O PP creceu 30% ente 1997 e 2003 para 264 mil toneladas. As embalagens
flexíveis tiveram um crescimento de 42% entre 1997 e 2003,
principalmente como embalagem primária, pois novos desenvolvimentos
abriram novos mercados. Isso, além do seu preço que
é bastante competitivo. |
| Embalagem
& Cia:O
senhor não acha que é um pouco arriscado aumentar a
capacidade? O que justificaria grandes investimentos da indústria
se não há demanda? |
| Graham
Wallis:
Acredito que a retração no consumo é resultado
das medidas do Governo, que continua vigilante evitando o aumento
da inflação. Suponho que medidas deste tipo impedirão
que aconteça como nos anos de 1986 e 1995, épocas em
que o consumo aumentou em 25% e 45%, e a indústria brasileira
não conseguiu responder a demanda. Penso que, estão
faltando embalagens mais baratas, com uso de menos material, a fim
de atender grande parte da população de baixa renda.

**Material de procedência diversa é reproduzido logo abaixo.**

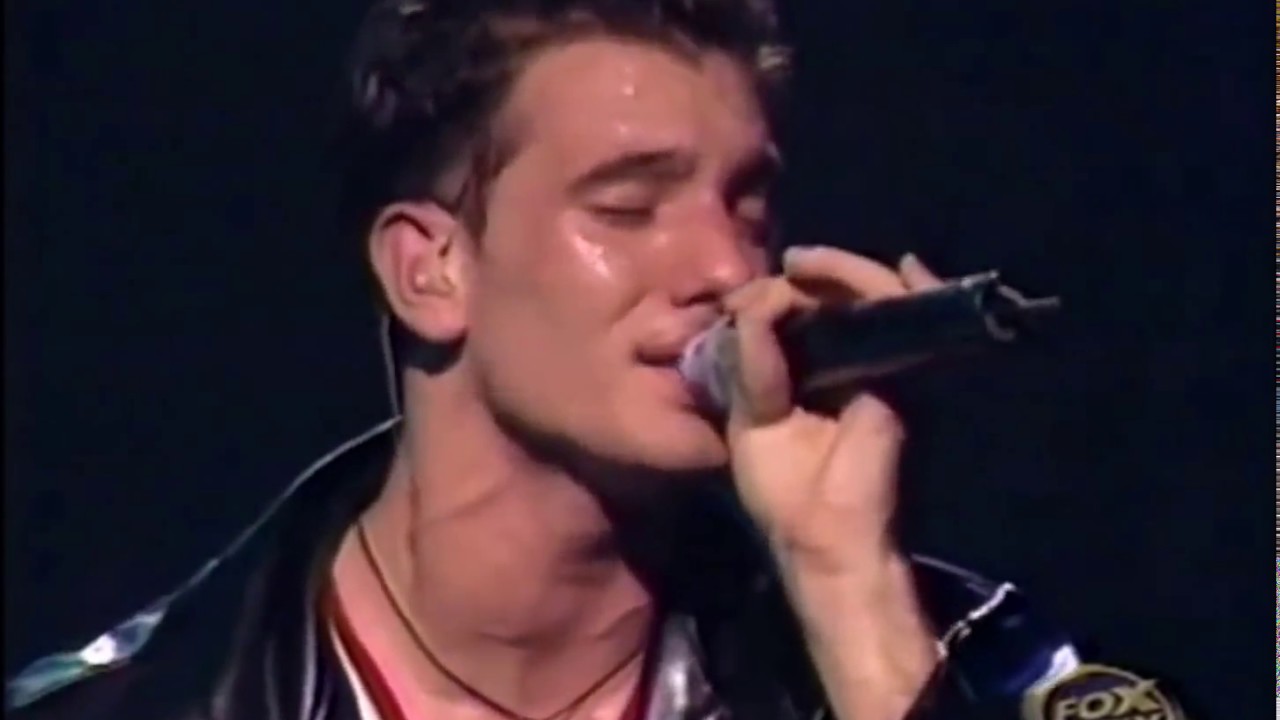 JC Chasez | Best vocals live (Part 2) [Nsync part 1]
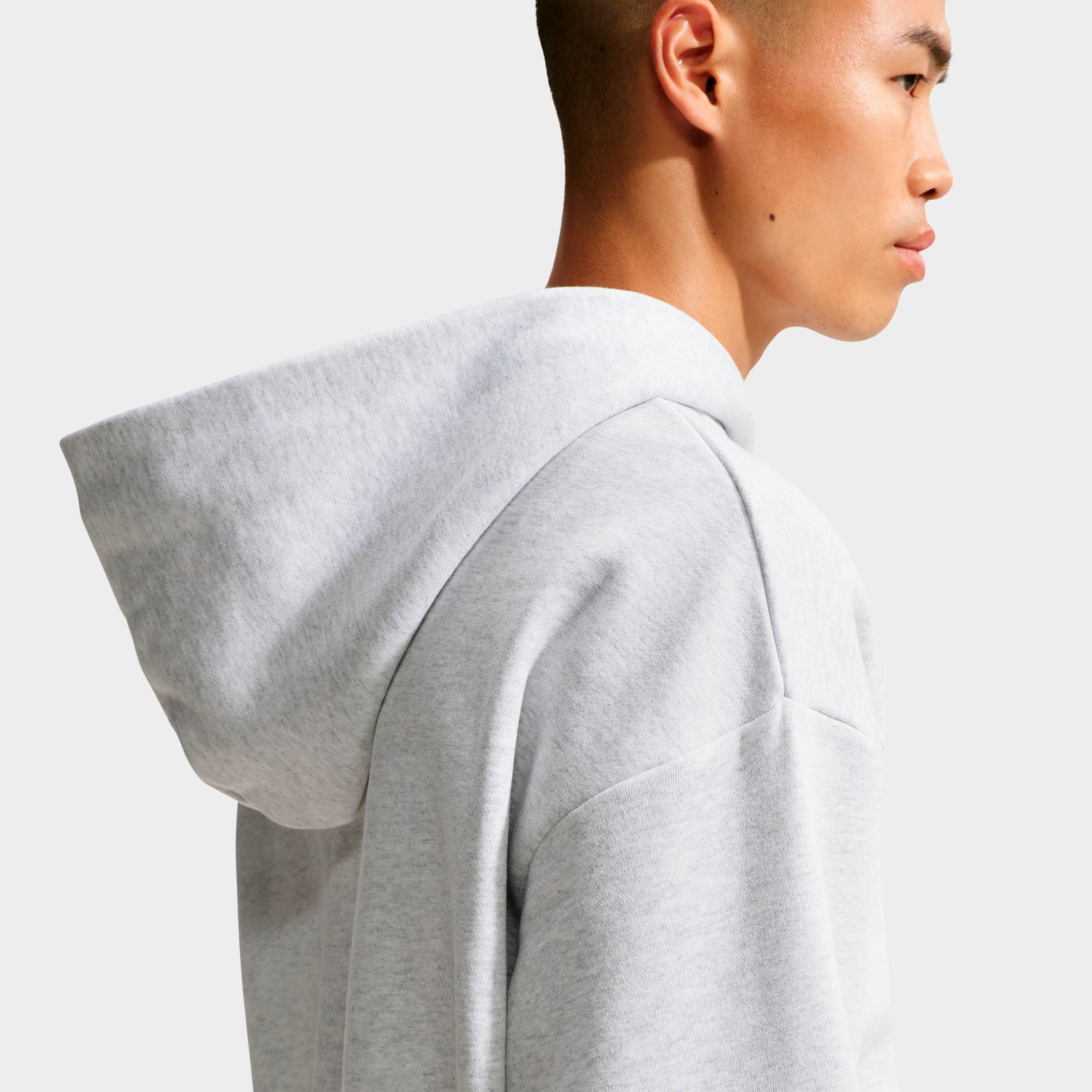 Men's Nike Solo Fleece Full-Zip Hoodie
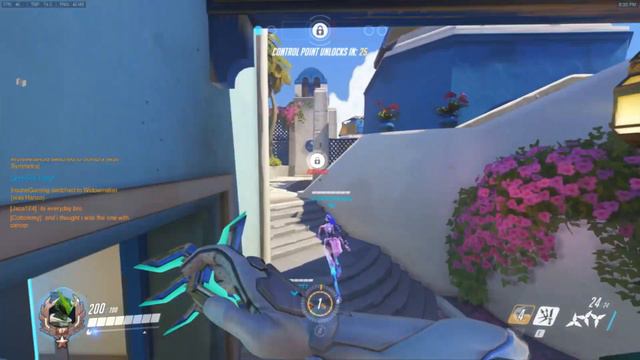 EDITING IS KEY - Really Just Horrific Genji Gameplay Overwatch смотреть онлайн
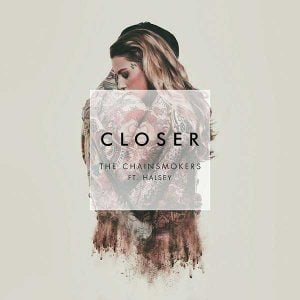 Closer (feat. Halsey) album image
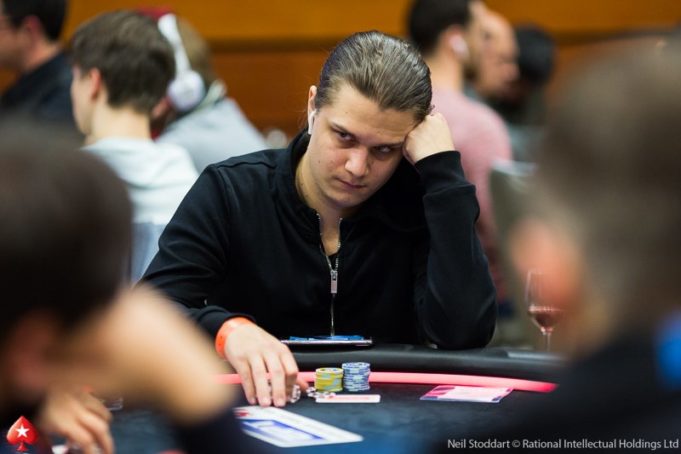 Niklas Astedt - EPT Praga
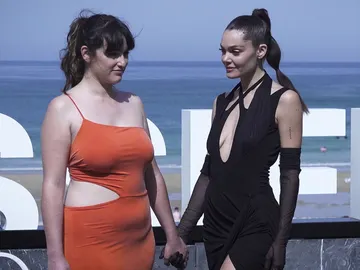 Así ha sido el preestreno de 'Cardo' en el Festival de San Sebastián Así ha sido el preestreno de 'Cardo' en el Festival de San Sebastián
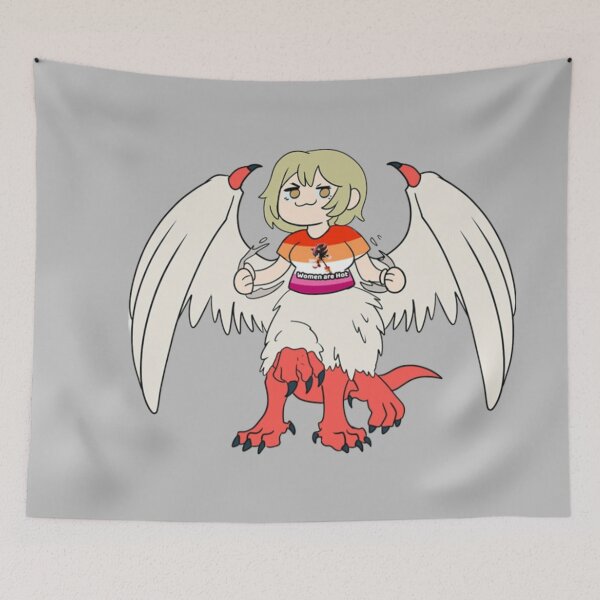 Item preview, Delicious In Dungeon - Falin Touden designed and sold by aliyah-shirt.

No mês passado foi divulgado pela grande núdia que 47%
dos brasileiros vive à margem da miséria. A indústria
deve pensar como beneficiar esta população com embalagens
e produtos mais acessíveis. É impossível ignorar
cerca de um terço da população brasileira. Em
nível global, consideremos que o mundo possui seis bilhões
de habitantes, e destes apenas um bilhão consome, os demais
têm um acesso restrito. Ao pensar nesta grande massa da população
local, a indústria brasileira poderá, sem dúvida
ampliar sua produção. |
| Embalagem
& Cia:
Quais são os segmentos que mais consomem embalagem no país? |
| Graham
Wallis:
As bebidas alcóolicas, principalmente cervejas, atualmente
lideram o ranking consumindo 770 mil toneladas de embalagens. As não
alcoólicas consomem cerca de 700 mil toneladas. No total este
setor utilizou, somente no ano de 2003, cerca 1,5 milhão de
toneladas. Em segundo lugar estão os laticínios e gorduras
(óleos, manteigas, margarinas) com 750 mil toneladas. O setor
agroquímico (fertilizantes, rações e sementes)
consome 500 mil toneladas, seguido pelo setor de carnes com 400 mil
toneladas. Os materiais de limpeza ocupam a quinta posição
com 260 mil toneladas. Esses dados estão disponíveis
em nossa última publicação do anuário.